Plexus Asset Management Study
Something that I found particularly interesting in this book was a study from Plexus Asset Management. It analyzed the 10-year returns of the S&P 500 from 1871 to 2007. They took these returns and compared them to the S&P 500 Index price-to-earnings ratios (P/E Ratio). Also known as cyclically adjusted price earnings ratio (CAPE ratio) . The comparison happened at the beginning of holding periods.
Basically, if you invested a lump sum in 1953, and the CAPE ratio was 17 at the time, what would your returns over the next 10 years be? How about if you invested a lump sum in 1978, and the CAPE ratio was 11 at the time, what would your returns be over the next 10 years? Etc. etc. etc.
What’s cool here is that the data taught us that you can predict with reasonable certainty what kind of returns you’ll get from the S&P 500 index over the next 10 years by looking at today’s CAPE ratio.
If the CAPE ratio is around 22 then you can expect an average subsequent inflation-adjusted annual return of just 3.2%. On the other hand, if the ratio is at the beginning of your holding period is around 8.5, then you’re looking at average 10-year subsequent returns of 11% annually.

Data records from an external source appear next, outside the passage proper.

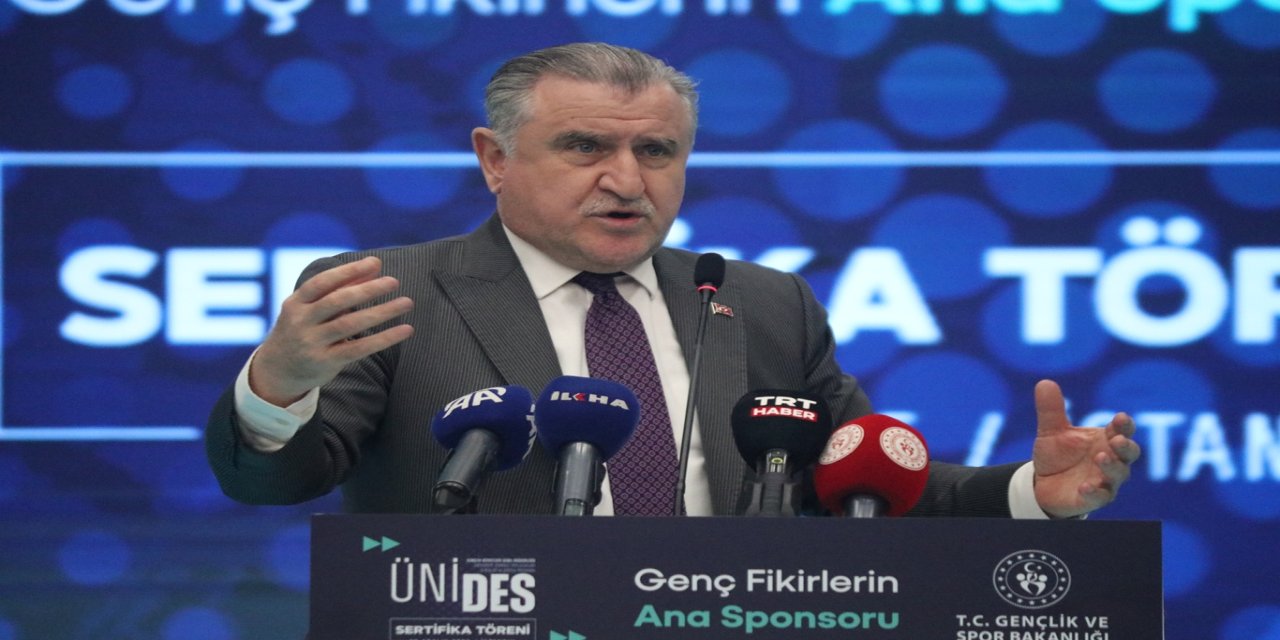 Gençlik ve Spor Bakanı Bak, ÜNİDES programında konuştu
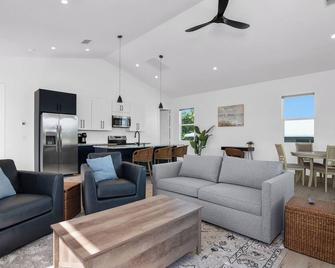 Harbor Place Boathouse Brand New - Marco Island - Living room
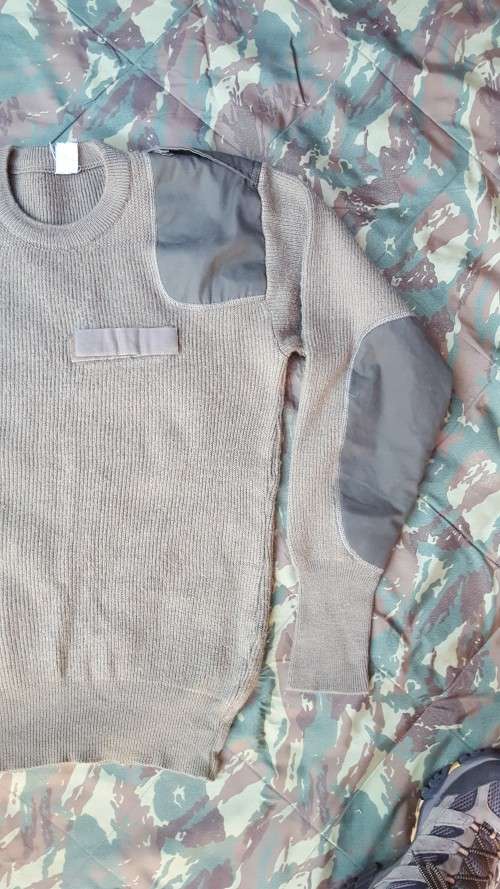 International (Spanish?) khaki Military style jersey/ jumper (wool) in very good used condition Med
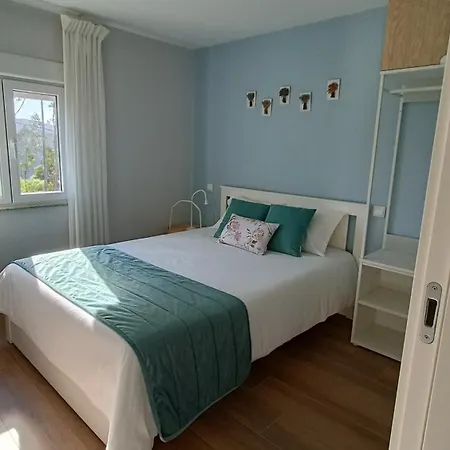 Semesterbostad Casa Davo Cinda Paredes de Coura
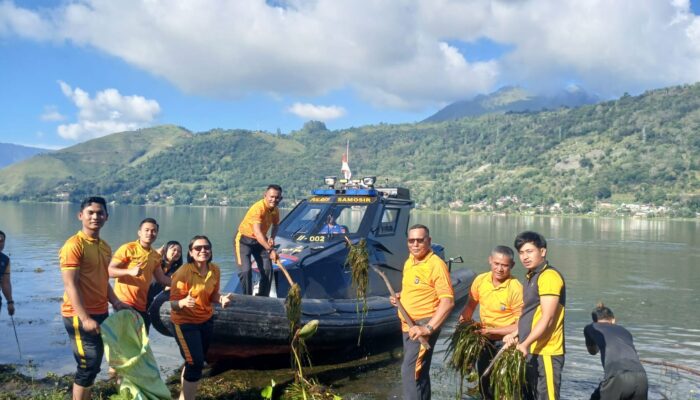 Kapolres Samosir Pimpin Aksi Bersih-bersih Water Front Pangururan dan Danau Toba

Therefore, the higher the CAPE ratio at the beginning of your investing horizon, the lower your 10-year annualized returns will be. Can you guess what the CAPE ratio is at the time of writing this?
… 23. Scary stuff…
How To Mitigate This Risk
Luckily for people who are approaching retirement during times of high P/E ratios, there’s ways of mitigating these risks. The author states that one way to reduce risk is to reallocate the bulk of your assets to rental real estate and bonds. As ratios start to fall back into more favorable levels, you can buy back stocks, as necessary.
P/E Ratio House Example
If you’re confused on how a price-to-earnings ratio could predict your investment return over a period, that’s okay. The author uses a helpful metaphor in the book to help clarify. Let’s say someone’s selling a house that rents for $1,000/month. Buying that house for $200,000 (price) and renting it out for $1,000/month or $12,000/year (earnings) would result in a P/E ratio of 16.7 (200,000 / 12,000). Alternatively, if you were to buy that house for $50,000 and rent it out for that same $1,000/month then your P/E ratio would be 4.2 (50,000 / 12,000).
With a low P/E ratio like in the scenario above, you could buy 4 houses for the price of the high P/E ratio house and make $4,000/month instead of $1,000/month. That’s just like how the stock market works. Low P/E ratios mean you can invest the same amount of money, but the stocks that you buy will be earning you a lot more money.
Another great piece of knowledge I gained by reading “How Much Do I Need to Retire?” has to do with sequence of returns risk and how it applies to the 4% rule. This topic eventually breaks down the difference between average and compound returns. It also expands on how you should only spend compound returns. The author goes into detail on how the first decade of your retirement makes or breaks your financial security.
I could go on and on about the new information I have rolling around in my head after reading this book, but I leave you with this: If you want to better prepare yourself for retirement, then buy “How Much Money Do I Need to Retire?” and start questioning some of the assumptions in your current plan. It will pay dividends in the future.